Statement on the blockade

We are blockading five entrances of the university because we believe that there urgently needs to be forces with the power to challenge the government and university administrations. Higher Education is increasingly being turned into a machine for the interests of the wealthy and powerful at the expense of the rest of us. If we are to stop this machine and to transform it into something that serves the interests of society as a whole, it will take serious action and solidarity between students and staff. We do not believe that symbolic action, or protest is sufficient. Changing the policies of higher education is not about convincing those in senior positions but about the power of students and staff to stand up for our interests.

We demand that:

1. The University make a statement in support of the unions in their negotiations with the UCEA (Universities and Colleges Employers Association)

2. The University give a real terms pay increase to support staff this year.

3. Students and staff are given more power in every level of university decision making. Universities should work democratically not to the interests of a small management elite.

The strike is taking place because staff in higher education are facing “one of the largest sustained wage cuts any profession has suffered since the Second World War”. At the same time that universities are making record surpluses and senior management pay is exponentially rising. David Eastwood is the second highest paid vice chancellor in the country, getting paid £409,000, while the number of highly paid senior managers increases every year.

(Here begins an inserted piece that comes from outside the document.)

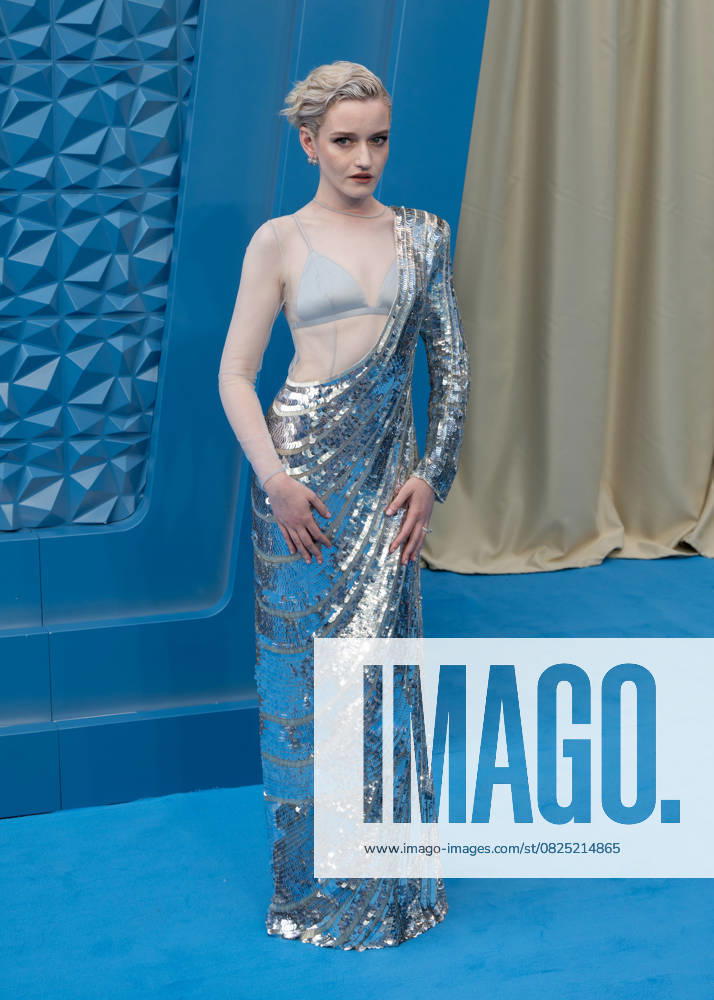 Julia Garner attends The Fantastic Four: First Steps - UK Launch Event at the BFI IMAX, Waterloo in London, England. UK. Thursday 10th July 2025.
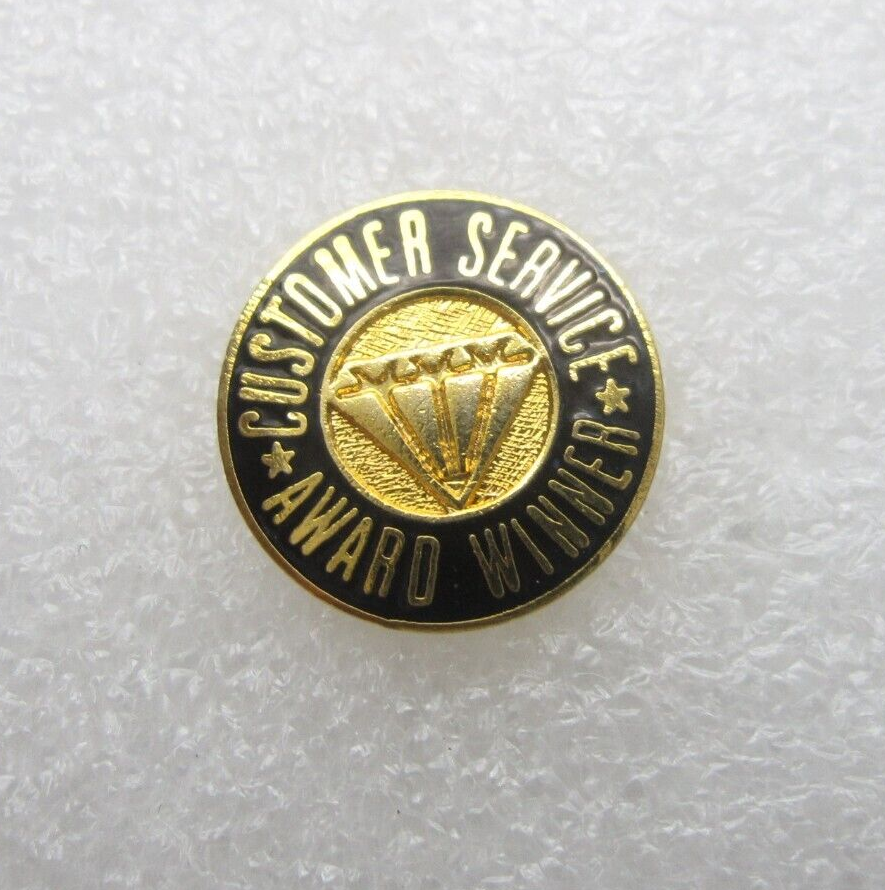 Customer Service Award Winner Lapel Pin (C294)-image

Over the last few years, higher education has undergone some of the most radical structural changes seen in recent memory. The universities are being transformed into investment vehicles for financial interests, and administrations are increasingly engaged in the aggressive marketing of degrees as a private good to attract undergraduates. Research grants and contracts are highly prized, and are made necessary by university managers; while those departments which do not conform to such commercial pressures are placed under the omnipresent threat of restructuring or outright closure. As access to university and academic diversity are being constricted, higher education is becoming less of a public good and more of an individual investment. Attacks on academic staff are increasing in intensity as the logic of the commercial sector becomes dominant.

The interests of students and academic staff are deeply intertwined. Increased working hours, the pressure to win research funding against a backdrop of falling real pay and workplace instability have had a devastating impact on the quality of life for staff. As stress levels rise and the proportion of time that needs to be devoted to administrative responsibilities increases, the quality of teaching and amount of time that can be spent with students on average will fall. With students directly paying for a larger proportion of our education through some of the highest tuition fees in the world, this attack on staff can’t be seen as anything less than an attack on ourselves.

 

But to simply look at these wage cuts in terms of their impact on the provision of higher education is not enough. Attacks on academic staff mirror the broader attack on workers across the entire economy. Casualisation of labour and depression of wages are becoming dominant strategies in a global race to the bottom, in order to stimulate economic growth and profitability for shareholders. A bleak future of precarious employment, debt and perpetual insecurity await the vast majority of us unless action is taken now to defend rights and conditions for workers today. Only from the foundations of a broad opposition to financial violence today, can we develop a platform to fight back for a better future tomorrow.